··· DATA LISTING

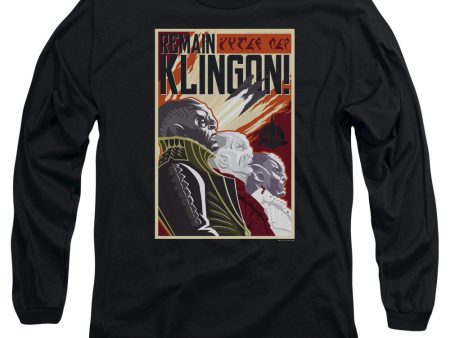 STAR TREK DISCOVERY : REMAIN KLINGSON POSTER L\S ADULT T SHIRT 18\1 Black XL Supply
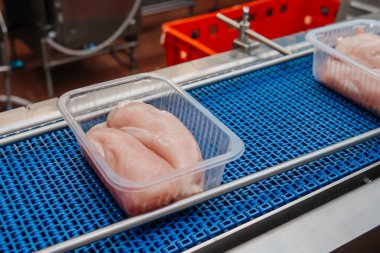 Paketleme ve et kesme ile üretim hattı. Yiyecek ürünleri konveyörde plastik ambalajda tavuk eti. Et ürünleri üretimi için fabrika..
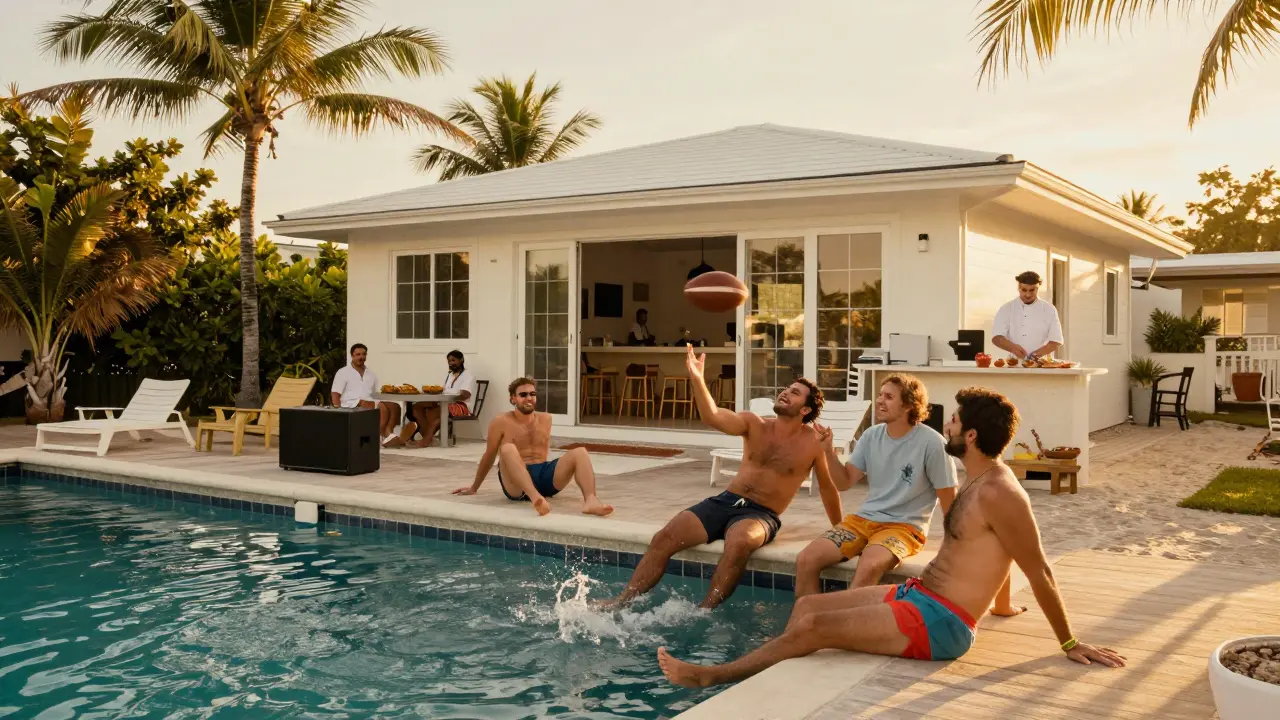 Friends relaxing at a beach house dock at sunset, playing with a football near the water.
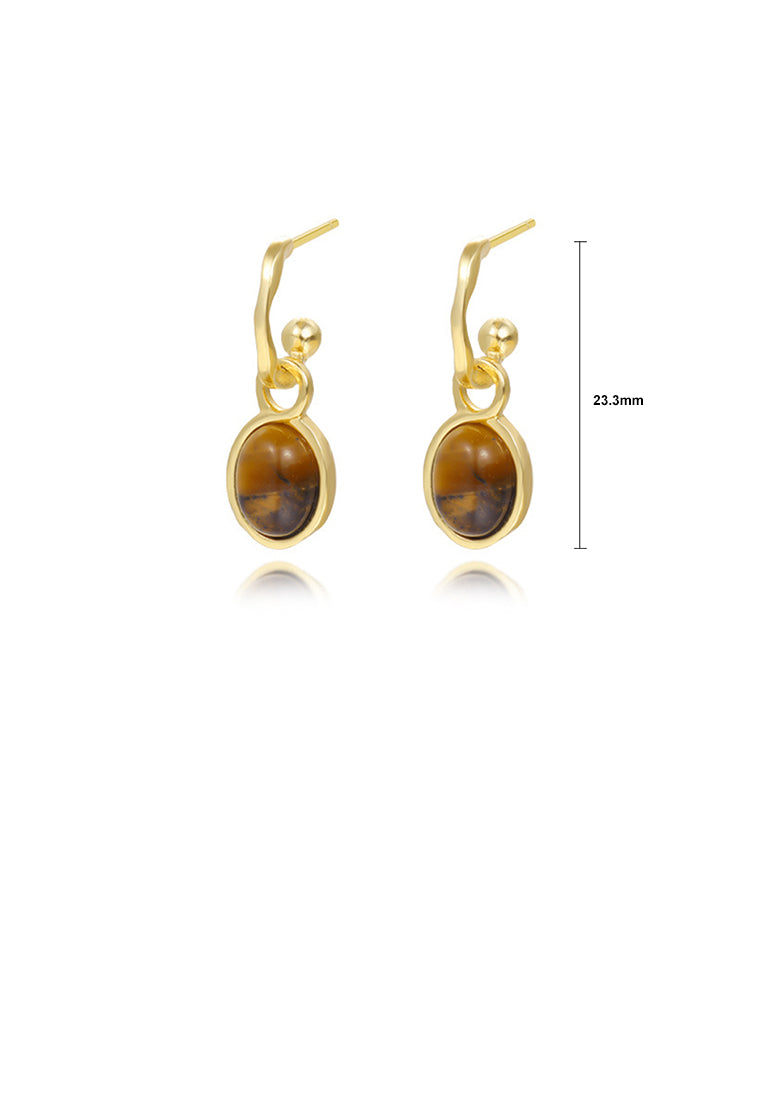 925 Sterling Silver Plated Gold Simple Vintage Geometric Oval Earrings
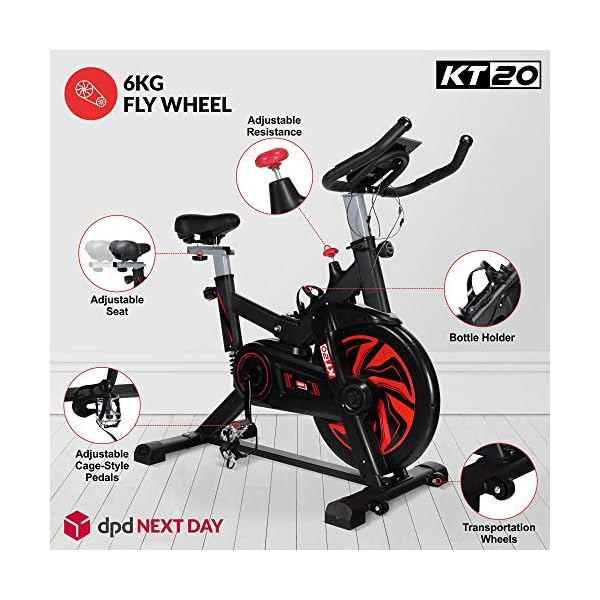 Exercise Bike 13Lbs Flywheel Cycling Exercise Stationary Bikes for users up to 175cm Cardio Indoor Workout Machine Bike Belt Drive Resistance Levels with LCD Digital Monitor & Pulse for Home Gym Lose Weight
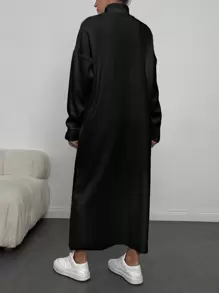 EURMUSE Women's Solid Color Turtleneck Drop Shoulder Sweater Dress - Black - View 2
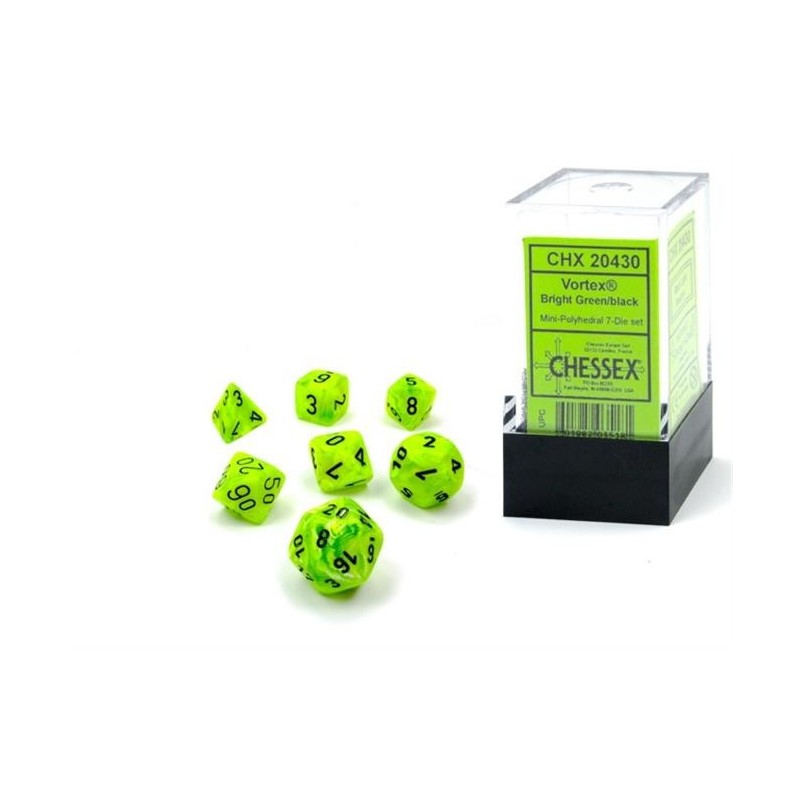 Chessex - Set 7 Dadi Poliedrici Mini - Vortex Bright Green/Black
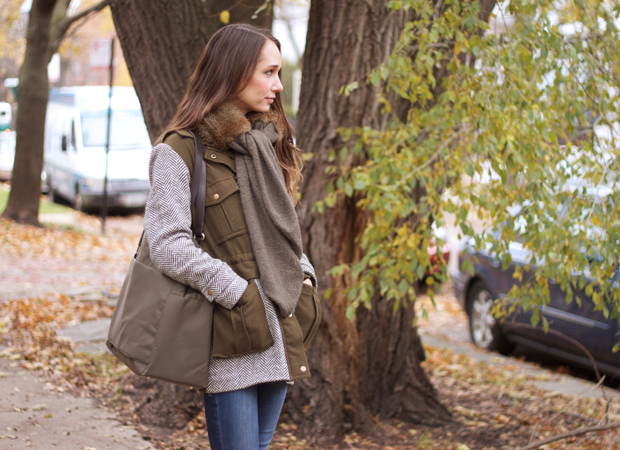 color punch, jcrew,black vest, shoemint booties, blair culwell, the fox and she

······

Every line of the material must be reproduced verbatim; the pictures are to be omitted.

 STAR TREK DISCOVERY : REMAIN KLINGSON POSTER L\S ADULT T SHIRT 18\1 Black XL Supply
 Paketleme ve et kesme ile üretim hattı. Yiyecek ürünleri konveyörde plastik ambalajda tavuk eti. Et ürünleri üretimi için fabrika..
 Friends relaxing at a beach house dock at sunset, playing with a football near the water.
 925 Sterling Silver Plated Gold Simple Vintage Geometric Oval Earrings
 Exercise Bike 13Lbs Flywheel Cycling Exercise Stationary Bikes for users up to 175cm Cardio Indoor Workout Machine Bike Belt Drive Resistance Levels with LCD Digital Monitor & Pulse for Home Gym Lose Weight
 EURMUSE Women's Solid Color Turtleneck Drop Shoulder Sweater Dress - Black - View 2
 Chessex - Set 7 Dadi Poliedrici Mini - Vortex Bright Green/Black
 color punch, jcrew,black vest, shoemint booties, blair culwell, the fox and she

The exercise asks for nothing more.